Keep only the closet match of timestamped row (include headers) from file1 to precede file2 row/s

 
Thread Tools Search this Thread
Top Forums UNIX for Beginners Questions & Answers Keep only the closet match of timestamped row (include headers) from file1 to precede file2 row/s
# 22  
Old 08-14-2016
Hi aachave1,
In post #15 in this thread, you said that you couldn't access your work PC. Is you work PC running a Windows operating system?
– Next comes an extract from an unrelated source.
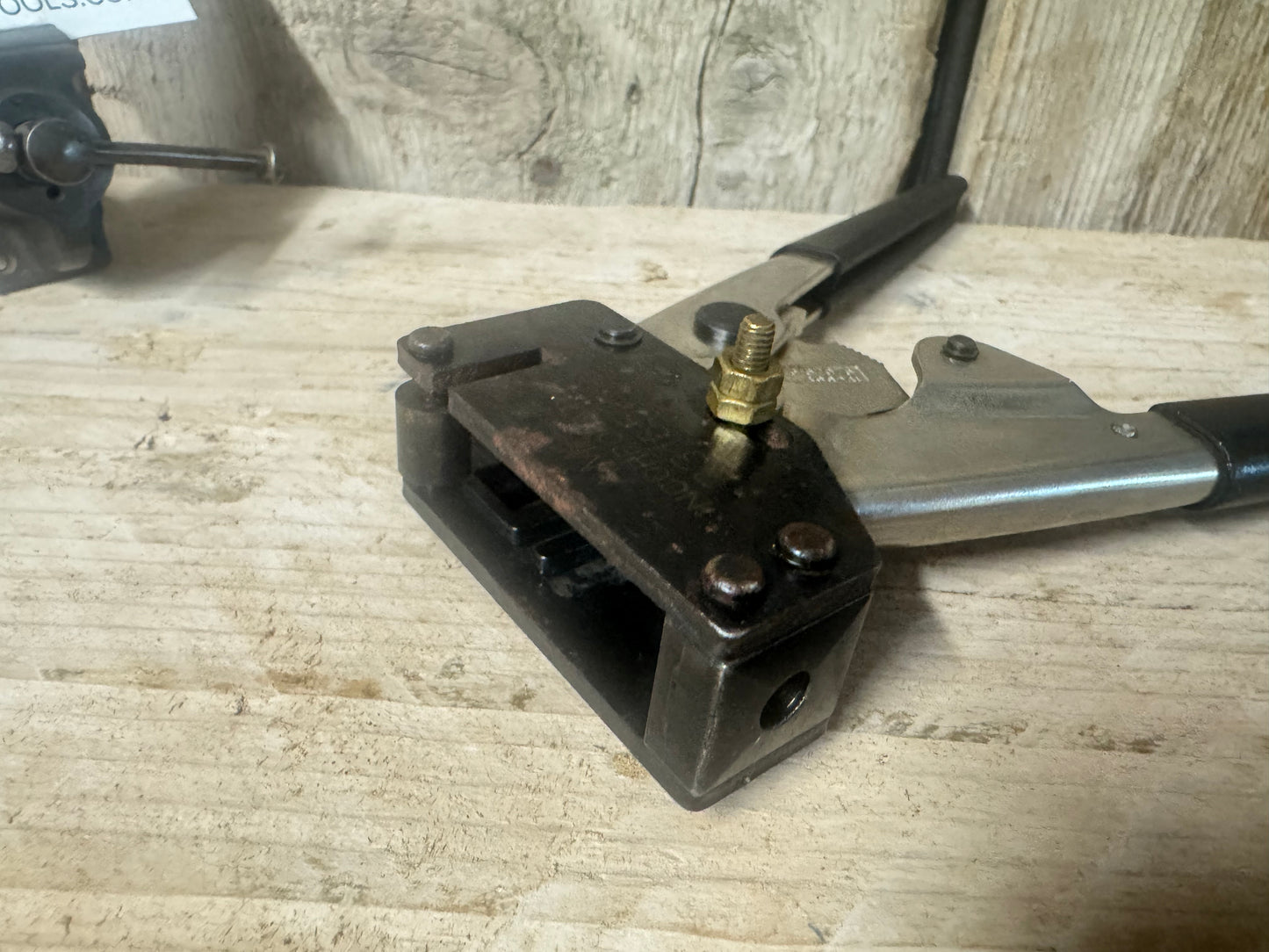 AMP Incorporated 231652 Modular Plug Crimps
What operating system and shell are you using?

Please show us the output from the command:
Code:
tail -n 3 filename | od -bc

for both of the files you are using when a line is dropped from your output (replacing filename with the name of one of your files on both invocations).

What is the format of the dates used in your timestamps? Is the timestamp in your input files:
Code:
2014/04/07 16:02:55

for the date April 7, 2014 or for the date July 4, 2014?

Are we correct in assuming that your input files (other than the header line) are sorted in increasing order by timestamp?
# 23  
Old 08-14-2016
Hmmm. Since you're not familiar with perl, a solution won't be easy for you. One solution for the sorting problem is to insert a marker(and remove it later) at line1/file1, so header of file1 will always be at the same position. (file1/line1 will allways be at line2 in the intermediate output of sort)
Code:
perl -MTime::Local -pe '
BEGIN{$fc=1}
s/^/1,/ if($. == 1);
s#(([0-9]{4})/([0-9]{,2})/([0-9]{,2}) ([0-9]{,2}):([0-9]{,2}):([0-9]{,2}))#timelocal($7,$6,$5,$4,$3,$2).",$fc,$1"#e; 
$fc++ if eof;' FILE1 FILE2 | \
\
sort -n | \
\
awk -F, 'BEGIN{OFS="\n"} 
FNR==1{H2=$0;next} 
FNR==2{H1=substr($0,3);next}  
{FID=$2;sub(/^([^,]+,){2}/,"")} 
FID_OLD==1 && FID!=1 {print H1,LINE_OLD,H2} 
FID==2 {print $0} 
{FID_OLD=FID;LINE_OLD=$0}'

The epoch conversion maybe unnescessary, but it does not disturb either. That's why I leave it in place here. Furthermore it would need some code-refactoring when taking away the epoch, because it's important, that the filenr is appended to the date, so that equal file1-date-values are always before file2 values at the sorting phase.

P.S.: Looking forward to see another solution from Don

Last edited by stomp; 08-15-2016 at 07:58 AM..
This User Gave Thanks to stomp For This Post:
# 24  
Old 08-15-2016
Quote:
Originally Posted by stomp
P.S.: Looking forward to see another solution from Don
Hi stomp,
To be honest, it looks to me like you have put a lot of work into this thread and I haven't really checked out your code. When I see that the last line in a file isn't being processed and I see a comment about the data being processed being on a PC, I have to wonder if the data is in DOS text format (with no line terminator on the last line). If there is no line terminator on the final line, the behavior of sort and awk is unspecified. I don't use perl enough to know how it deals with partial lines and its behavior is not specified by the standards.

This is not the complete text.